Divot Detect
Autonomous crater mapping on Mars
Scope and Goal
The aim is to create and apply an ML model capable of detecting and outlining craters on Mars. Crater mapping is important for a number of reasons including:
- mapping terrain for eventual human exploration
- dating geological features,
- acting as a way to geolocate on a planet (since we don't yet have GPS-providing satellites), and
- monitoring for new craters. Most places on Mars suspected of having liquid water occur on crater walls or gully walls.
After training a model to find craters in imagery, the goal is to apply that model to both Mars and the Moon. Once mapping is complete, these results will be uploaded into Arizona State University's JMARS platform for public use.
The rest of this README describes how to train and deploy ML models for crater mapping. It assumes reasonable experience with ML and cloud infrastructure tools (including Google Cloud Platform, Kubernetes, and Kubeflow).
Model Training
This repo relies on the Tensorflow Object Detection API to train models. TF's OD API allows relatively quick training of object detection and instance segmentation models.
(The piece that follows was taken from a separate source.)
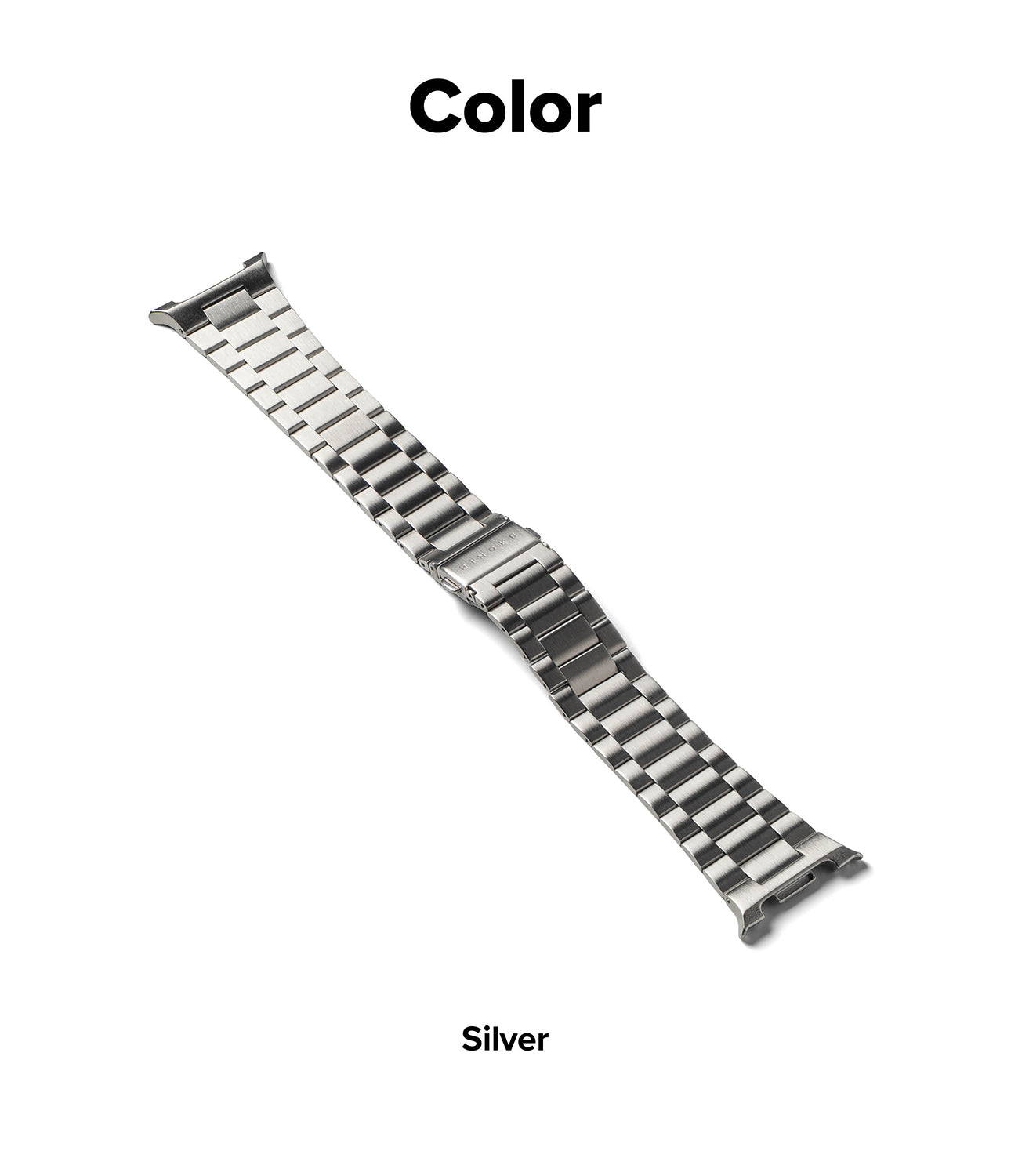 Galaxy Watch 9 / 8 | Metal One Air - A silver metal link watch band shown diagonally on a plain white background, with the word 'Color' at the top and 'Silver' at the bottom.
It supports a wide variety of architectures.
Our data comes from the Mars Reconnaissance Orbiter's (MRO) as well as the Lunar Reconnaissance Orbiter Camera (LROC) and is best obtained through NASA's PDS Image Atlas. The DREAMS lab led by Prof. Jnaneshwar "JD" Das is spearheading the labeling effort using their DeepGIS tool.
Model training relies on the Kubeflow Pipelines tool.
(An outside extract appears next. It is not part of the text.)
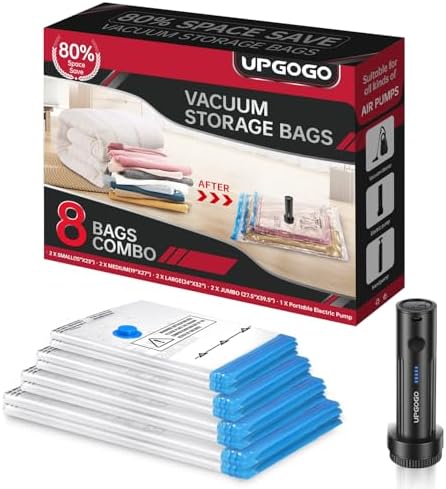 UPGOGO Vacuum Storage Bags with Portable Electric Pump,Vacuum Seal Bags for Clothing,Space Saver Bags,Vacuum Travel Bags for Luggage(Combo 8 Pack) by UPGOGO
Model Deployment/Inference
After training, the model will detect craters for both Martian and Lunar imagery.
Technical Training Notes
The below walks through model training on Kubeflow. See divdet/docs/STTR_TrainingSoftwareGuide.pdf
for more details and tips.
Build OD API training Docker image
Before running the below, update paths in the build_image.sh
shell script to match your desired image file location. Also update od_export/component.yaml
and od_train/component.yaml
to match the location of this image.
export BUILDS_DIR=<path_containing_divdet_directory>
./$BUILDS_DIR/divdet/kfpipelines/components/od_train/build_image.sh
Setup Kubeflow
Full instructions for setting up the Kubeflow cluster can be found within Kubeflow's documentation here. The two more important steps are described in detail below.
Create management cluster
The management cluster helps setup instances of Kubeflow. Full setup instructions here.
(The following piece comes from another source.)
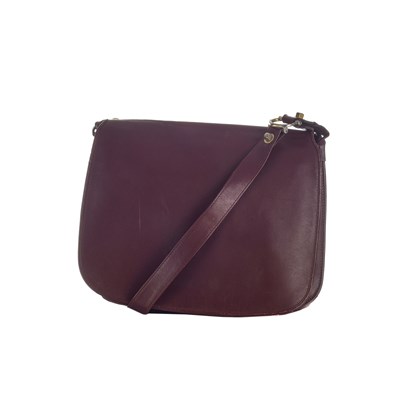 Lot 306 - Cartier, a vintage Bordeaux leather crossbody bag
Example values for management cluster Makefile:
kpt cfg set ./instance mgmt-ctxt management-cluster
kpt cfg set ./upstream/manifests/gcp name kubeflow-app-v5
kpt cfg set ./upstream/manifests/gcp gcloud.core.project divot-detect
kpt cfg set ./upstream/manifests/gcp gcloud.compute.zone us-east1-c
kpt cfg set ./upstream/manifests/gcp location us-east1-c
kpt cfg set ./upstream/manifests/gcp log-firewalls false
kpt cfg set ./upstream/manifests/stacks/gcp name kubeflow-app-v5
kpt cfg set ./upstream/manifests/stacks/gcp gcloud.core.project divot-detect
kpt cfg set ./instance name kubeflow-app-v5
kpt cfg set ./instance location us-east1-c
kpt cfg set ./instance gcloud.core.project divot-detect
kpt cfg set ./instance email [email protected]
Create management cluster
To deploy an instance of Kubeflow, see the guide here.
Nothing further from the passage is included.